* _ACTION ITEM_: Under this line are the records; write out word for word the part that begins at the line containing "iphone13和mate40pro-i" and ends at the line containing "Guest House Yana Turkasheni Luaran gambar", and no more.

* _PROVIDED ENTRIES_:

____________________

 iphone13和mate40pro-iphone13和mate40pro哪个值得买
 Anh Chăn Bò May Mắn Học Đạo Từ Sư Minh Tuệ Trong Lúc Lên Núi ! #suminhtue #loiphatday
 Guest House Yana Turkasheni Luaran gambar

____________________

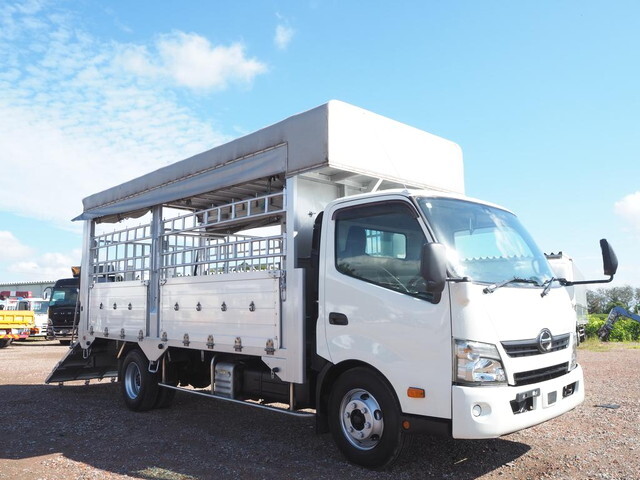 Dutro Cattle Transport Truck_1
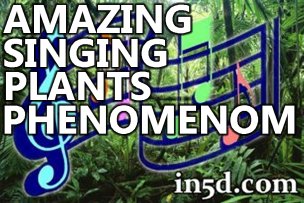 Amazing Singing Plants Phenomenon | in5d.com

____________________

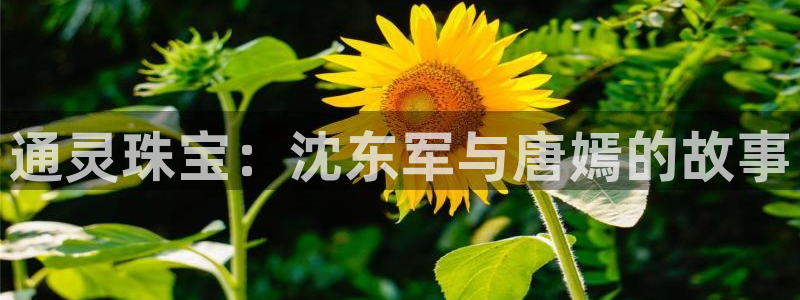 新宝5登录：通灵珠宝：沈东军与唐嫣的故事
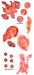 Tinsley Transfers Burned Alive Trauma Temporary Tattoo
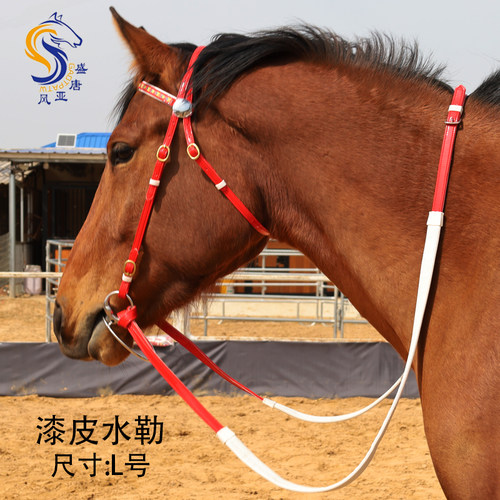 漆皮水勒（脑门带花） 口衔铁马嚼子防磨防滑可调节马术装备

____________________

* _SOLUTION FOR THIS PROBLEM_:
 iphone13和mate40pro-iphone13和mate40pro哪个值得买
 Anh Chăn Bò May Mắn Học Đạo Từ Sư Minh Tuệ Trong Lúc Lên Núi ! #suminhtue #loiphatday
 Guest House Yana Turkasheni Luaran gambar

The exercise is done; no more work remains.